Work instructions: Your answer must be an exact copy of the lines below, from the first through the one with "Rick, the LinkedIn", with no pictures.

(Stored data)
== Segment start ==
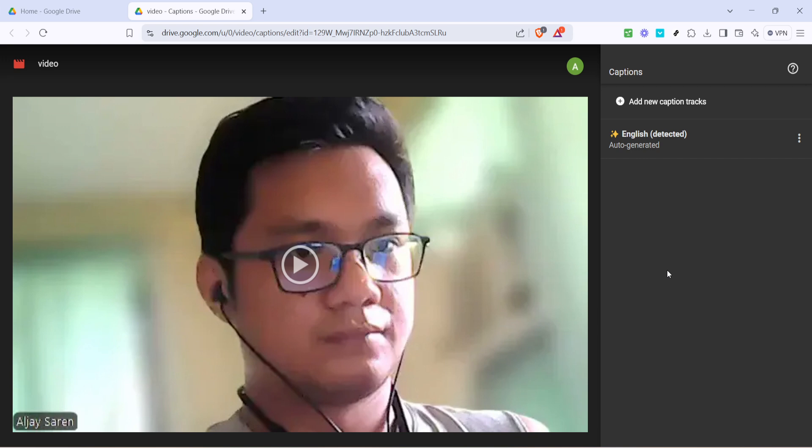And that's it — subtitles are now enabled on your Google Drive video player, ready for viewers to enjoy. Subtitles not only improve the comprehension of your videos but also give your content a broader reach.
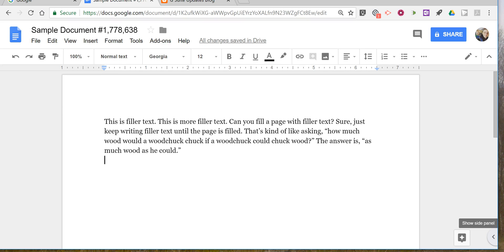Hi, I'm Richard Byrne. In this video I'm going to show you how you can access your Google Classroom assignments right from a Google document.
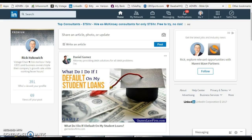Rick, the LinkedIn guy here. In this video, I am going to demonstrate how to deal with recommendations — whether you want them visible or not. You may want the recommendations you've given and/or received visible or not, or on a case-by-case basis make some of them visible and some of them not.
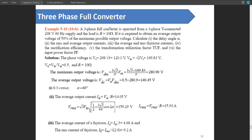The third problem is for a full converter or full wave control rectifier with the same specifications as the previous maps. Given alpha, we can find IRMS, IDC, average thyristor current, and rectification efficiency very easily for a full converter. This concludes all lectures on three-phase controlled rectifiers.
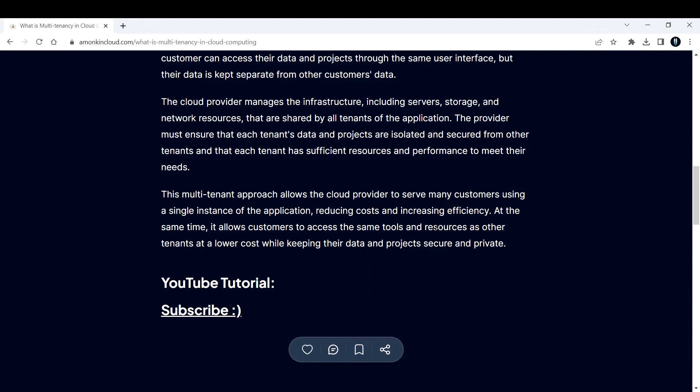This multi-tenant approach allows the cloud provider to serve many customers using a single instance of the application, reducing costs and increasing efficiency. At the same time, it allows customers to access the same tools and resources as other tenants at a lower cost while keeping their data and projects secure and private.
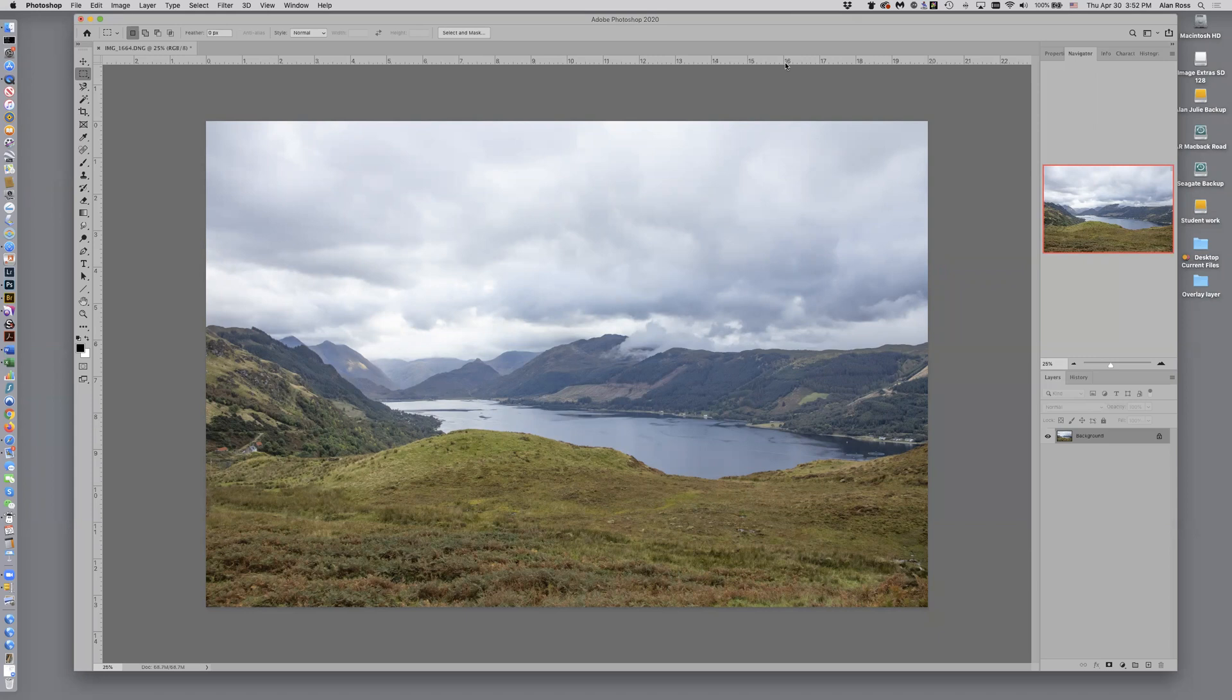Today I'd like to talk about using overlay layers in Photoshop. Overlay layers are really wonderful in that a lot of times we want to make some tonal adjustments to our image but we don't want to risk or deal with the actual image itself.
== Segment end ==
Exercise result:
And that's it — subtitles are now enabled on your Google Drive video player, ready for viewers to enjoy. Subtitles not only improve the comprehension of your videos but also give your content a broader reach.
Hi, I'm Richard Byrne. In this video I'm going to show you how you can access your Google Classroom assignments right from a Google document.
Rick, the LinkedIn guy here. In this video, I am going to demonstrate how to deal with recommendations — whether you want them visible or not. You may want the recommendations you've given and/or received visible or not, or on a case-by-case basis make some of them visible and some of them not.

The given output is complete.